Drew Brees Snubbed: Manning's MVP Selection Shows Prejudice Amongst Voters

Joe GerrityCorrespondent IJanuary 9, 2010

NEW ORLEANS - DECEMBER 27:  Quarterback Drew Brees #9 of the New Orleans Saints drops back to pass the ball during the game against the Tampa Bay Buccaneers on December 27, 2009 at Louisiana Superdome in New Orleans, Louisiana. (Photo by Jamie Squire/Getty Images)
Jamie Squire/Getty Images

When examining the MVP caliber seasons of Drew Brees and Peyton Manning, there really isn't much to complain about.

Both led their teams to the No.1 seeds in their respective conferences while flirting with perfection.

Each amassed over 30 touchdown passes and more than 4,000 yards.

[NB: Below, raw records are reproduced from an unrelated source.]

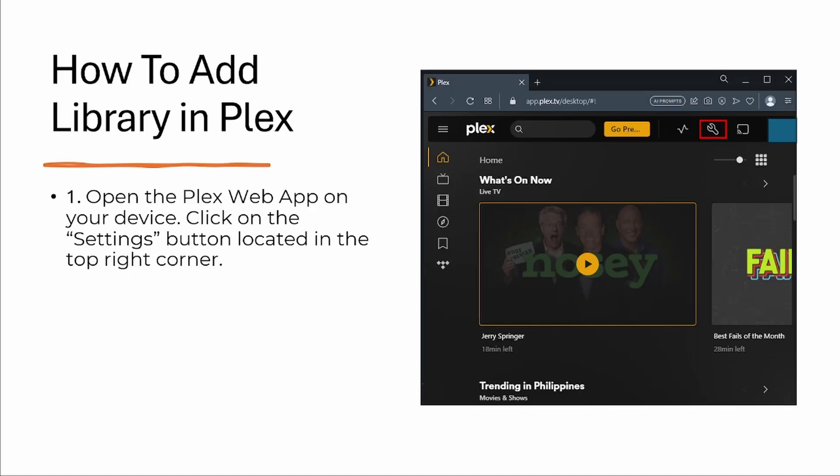Step one, open the Plex web app on your device. Click on the settings button located in the top right corner.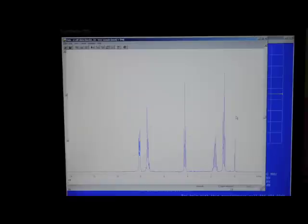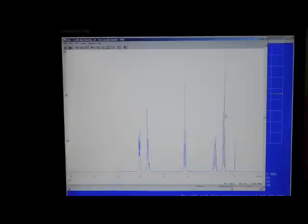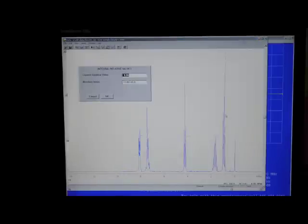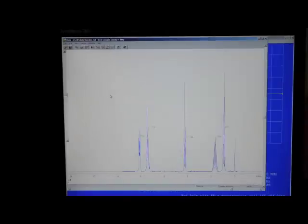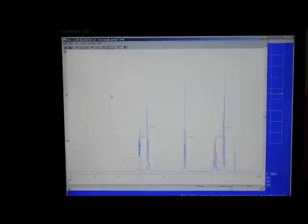To set the base value for the integrals, click once to get a cursor. Place, without clicking, the cursor on a peak that you can identify as corresponding to a specific number of protons. Type the letter V and then type the number of protons for that peak. Here, the peak is a methyl group, so I entered the number 3. Press ENTER to leave the integration routine.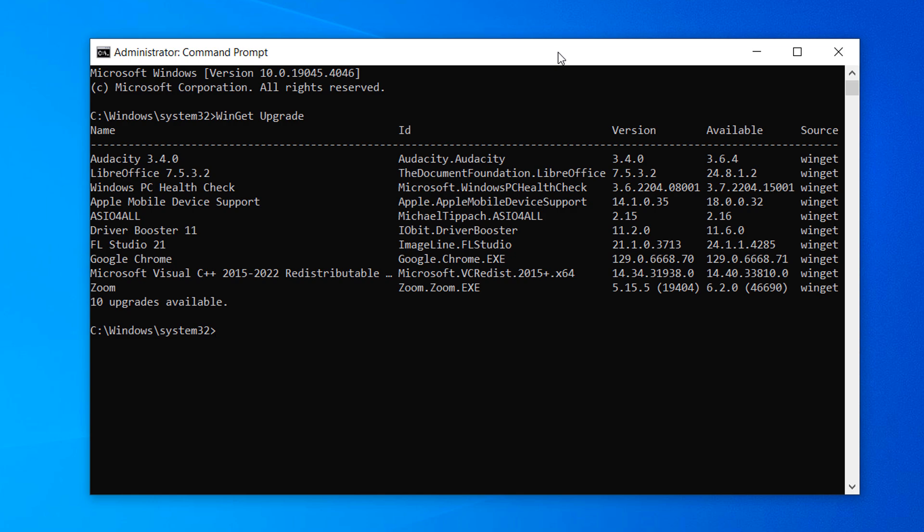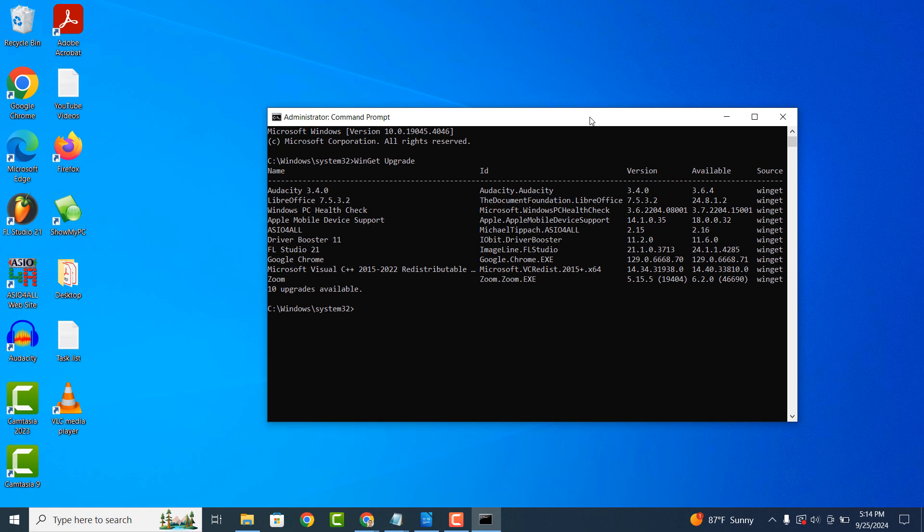And it's as easy as that, finding all applications that have updates available is a simple task to perform.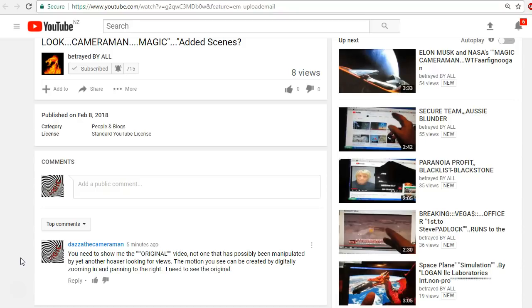I commented that you need to show me the original video, not one that has possibly been manipulated by yet another hoax or someone looking for views. The motion you see can be created by digitally zooming in and panning to the right. I need to see the original.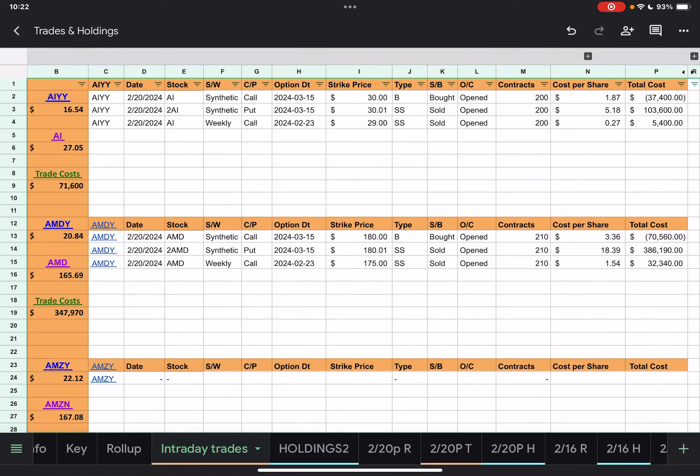Good evening everybody, or good morning depending on when you're watching this video. This will be my first attempt to go through these intraday trades. If any of you are in the Retire on Dividends Discord, you can see that I've been having some issues trying to get my spreadsheet set up.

When determining the regular season MVP, most will look at team record and statistics.

What boggles the mind is that Brees has undeniably better statistics, but still managed to finish a distant second in the race.

Let's get into more detail. The better performer will be in italics.


Brees 34 , Manning 33


Brees 11 , Manning 16

Passing Yards

Brees 4,388, Manning 4,500

Yards Per Pass

Brees 8.5 , Manning 7.9

Passer Rating

Brees 109.6 , Manning 99.9

Edit- Brees' rating is the seventh best of all time.

Completion Percentage

Brees 70.6, Manning 68.8

Clearly, Brees was superior to Manning.

Given they both locked up the No. 1 seed before the season ended, the difference of one win can be entirely negated, especially considering that Brees didn't play at all in one of the Saints losses.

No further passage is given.